* _Your task_:
Return, from the data that follows, each line that holds the word "image".

* _Data provided_:

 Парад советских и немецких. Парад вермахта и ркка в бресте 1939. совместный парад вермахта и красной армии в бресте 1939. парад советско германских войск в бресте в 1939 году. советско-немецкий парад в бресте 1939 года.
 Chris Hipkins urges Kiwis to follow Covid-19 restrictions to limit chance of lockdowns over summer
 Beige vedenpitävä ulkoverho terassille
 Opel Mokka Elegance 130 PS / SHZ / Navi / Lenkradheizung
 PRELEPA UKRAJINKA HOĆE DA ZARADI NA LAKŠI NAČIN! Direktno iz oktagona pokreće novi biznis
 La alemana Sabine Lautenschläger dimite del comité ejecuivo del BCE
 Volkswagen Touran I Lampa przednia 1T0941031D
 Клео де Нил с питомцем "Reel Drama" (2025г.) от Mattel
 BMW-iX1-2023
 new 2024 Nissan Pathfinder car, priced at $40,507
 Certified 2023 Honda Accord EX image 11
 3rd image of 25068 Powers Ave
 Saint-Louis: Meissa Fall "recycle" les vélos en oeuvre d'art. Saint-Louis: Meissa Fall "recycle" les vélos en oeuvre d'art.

* _Reply_:
 Certified 2023 Honda Accord EX image 11
 3rd image of 25068 Powers Ave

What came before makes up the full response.